Le Missouri, le Minnesota ou le Dakota du Nord ont bien pris des mesures de restriction mais les agriculteurs peuvent encore épandre du dicamba au moins une ou deux fois en début de saison.

Nouveau Roundup

Le géant de l’agrochimie « mène depuis déjà un certain temps une stratégie visant à contrôler le marché des semences biotech. Avec le dicamba, c’est une nouvelle étape dans cette direction », estime Kyle Stiegert, économiste spécialisé en agriculture à l’université du Wisconsin.

L’entreprise, explique-t-il, a comme ses principaux concurrents multiplié au cours des vingt dernières années les acquisitions de plus petits fabricants de semences. Monsanto est lui-même en train de fusionner avec son concurrent allemand Bayer et les deux groupes contrôlent notamment environ 60% du marché des semences de coton aux États-Unis.

« Ils peuvent maintenant décider dans quelles variétés ils incluent telle ou telle technologie, et les agriculteurs n’ont pas vraiment le choix », remarque l’économiste.

« On laisse de grosses entreprises dicter ce qui sera in fine disponible dans la chaîne alimentaire, c’est un vrai problème », estime-t-il.

Les agriculteurs ne sont forcés à rien, « il existe d’autres fabricants de semence », rétorque Scott Partridge, responsable de la stratégie mondiale chez Monsanto.
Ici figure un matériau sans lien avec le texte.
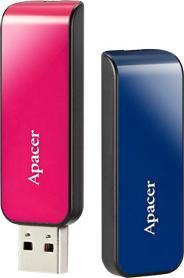 Produktbild Apacer AH334 USB-Stick USB Typ-A 2.0 (32 GB, USB-A, USB 2.0)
Leur nouvelle technologie est simplement meilleure et les éventuels problèmes d’éparpillement du dicamba dans les champs voisins vont se régler au fur et à mesure que les agriculteurs maîtriseront mieux les produits, assure-t-il.

Monsanto a de grandes ambitions pour ses nouvelles semences: en 2019, anticipe le groupe, elles seront utilisées sur plus de la moitié des champs de soja aux Etats-Unis. Pour inciter à leur adoption, d’importants rabais sont offerts.

Pour Marcia Ishii-Eiteman, du Réseau d’action contre les pesticides, Monsanto tente surtout de sauver les meubles après les problèmes rencontrés par son produit-phare, le Roundup, dont l’ingrédient actif est le fameux glyphosate.

Son usage a explosé dans le monde dans les années 1990 quand la firme américaine s’est mise à vendre des semences génétiquement modifiées pour résister à son action.

Mais les mauvaises herbes y deviennent de plus en plus résistantes et le glyphosate a été qualifié de « cancérogène probable » par un organe de l’Organisation mondiale de la santé. L’Union européenne envisage de l’interdire dans quelques années.

« Plutôt que de faire amende honorable, Monsanto répète les mêmes erreurs, se lançant dans une course contre la montre avec des concurrents comme Dow AgroScience pour introduire de nouvelles lignes de semences transgéniques résistantes à encore plus d’herbicides », déplore-t-elle.